A “National Unity Government"
Contrary to the previous situation in which there were attempts to overthrow the government in January 2011, and before agreement on Mikati’s replacement, Tammam Salam, son of the late Prime Minister Saeb Salam, the scenarios expected were as follows:
1. A lengthy political crisis with the government serving as caretaker after its resignation.
2. A power vacuum exploited by Hezbollah to control the country and impose amendments to the Taif Agreement or come up with a new agreement.
3. Creating a “neutral” small-sized and short-lived government of technocrats, with the limited mission of overseeing the elections.
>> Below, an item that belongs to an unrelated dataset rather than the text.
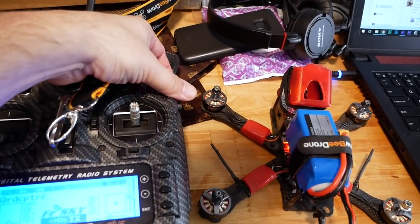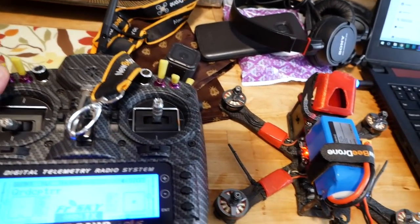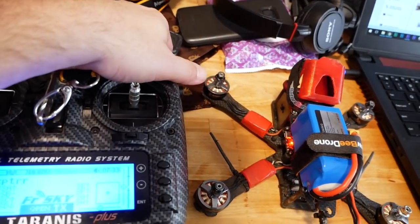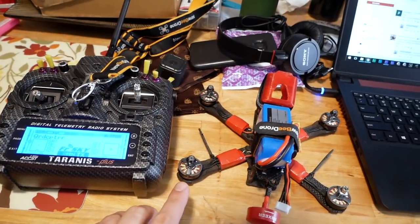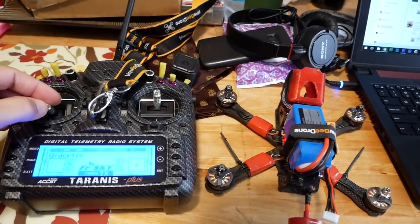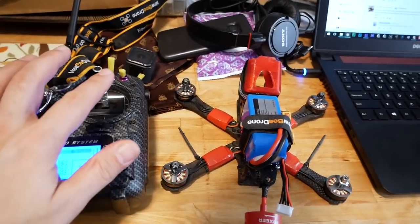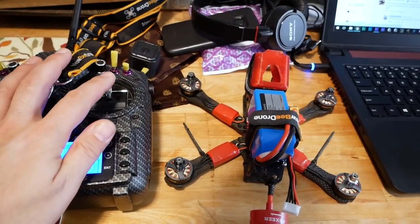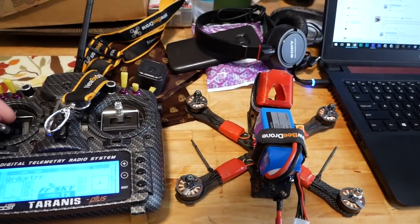So here's the problem. I'm gonna arm the quad — you can see the little LED flash. You can disarm, I don't have a buzzer on this quad, but you can see from the LED that it's armed. I don't have motor stop active, so the motors should be spinning right now, and they're not. When I raise and lower the throttle, nothing happens. But I know the quad is armed, and when I push the stick, the correct motors do spin — but the throttle doesn't move at all. So if you think you know the answer, go ahead and post it in the comments.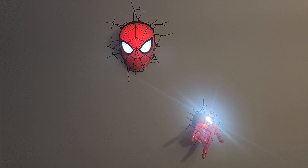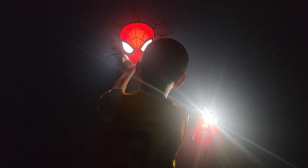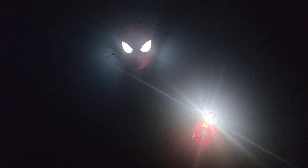I'm going to have my son turn off the light so we can see how it looks. The hand is really bright. Go ahead and turn it on so it's just the eyeballs — so that's just the eyeballs. Real cool.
However, external contacts coupled and internal communications involving parties close to Hezbollah resulted in a fourth option that had been deemed unthinkable: a "government of national unity." It seems that the current conditions in the region and the continued Syrian conflict, confronted Iran with the need for flexibility and recognition of the status quo, especially as it realises that U.S.–Russian insight into Syria disallows for the crisis's spread to any neighbouring country.
In the past, Iran had shared management of Lebanese affairs with the Syrian regime. When the latter reconciled with Saudi Arabia in 2009 in what was known as the "S.S." (Saudi Arabia-Syria) agreement, it became possible for Saad Hariri to head a government of "consensus," and Iran remained a secret player behind Syria. However, with the overthrow of Hariri's government, the Saudi role was also knocked down. With the emergence of the Mikati government and as Damascus sank deeper into its own crisis, Iran started to run Lebanon through Hezbollah and Damascus’s allies. Then came the moment of choice for the Iranians to either monopolise control of Lebanon as the Syrian role erodes, or offer a compromise pending an end to the current stage and ease the burden of Hezbollah, which, in turn, insisted that a repetition of the Mikati experience is no longer possible. The party was willing to cooperate with any other person the (14 March) opposition named as premier as long as rivals take its conditions into account.
Bearing that in mind, some analysts described what is happening as a "return of Saudi Arabia" and its role in Lebanon. The premier-designate belongs to a family of politicians that is well-connected in Riyadh, which Salam visited before his designation. In fact, he met with Saad Hariri, who supports him, while the 14 March Movement announced his appointment although he is not one of its active members but a supporting outsider. It is interesting to see that Hezbollah and the Amal Movement supported his designation and that Hezbollah worked to convince its ally, Michel Aoun, to do so. It should not be inferred from this that Saudi Arabia and Iran are the custodians of Lebanon, with Iran substituting for Syria. Rather, it is recognition on the part of Iran of the need for a Saudi role to address Sunni forces’ resentment and end their boycott of the regime and the government. At the same time, Riyadh maintains its position, refusing contact with Tehran to address the problems in the region and preferring to discuss matters with local parties regardless of their religious affiliation.
Does this mean that the task of the new government and premier will be simplified and tension-free?
It could be if the government is formed quickly. Recent consensual governments took months to be formed. Another determining factor is the political concepts that will shape the new government’s agenda. After all, the main disputes, including Hezbollah’s weapons, participation in the fighting alongside Syrian regime forces, involvement in foreign issues amid demands to place it on the international list of terror groups and the international tribunal and the Hariri case, still exist. All this indicates that the consensus that could bring this government to power is likely to be fragile and vulnerable to turbulence. There are endeavors and agreements to revive the National Dialogue Committee to support the government and ease the pressure it faces, but this does not constitute a solid guarantee. Indeed, the current situation necessitates creative solutions to the crisis but the strategic options for Iran in Syria have not changed and, therefore, Tehran will not hesitate to use Hezbollah in a way that would undermine any consensus it sees as harmful to its interests.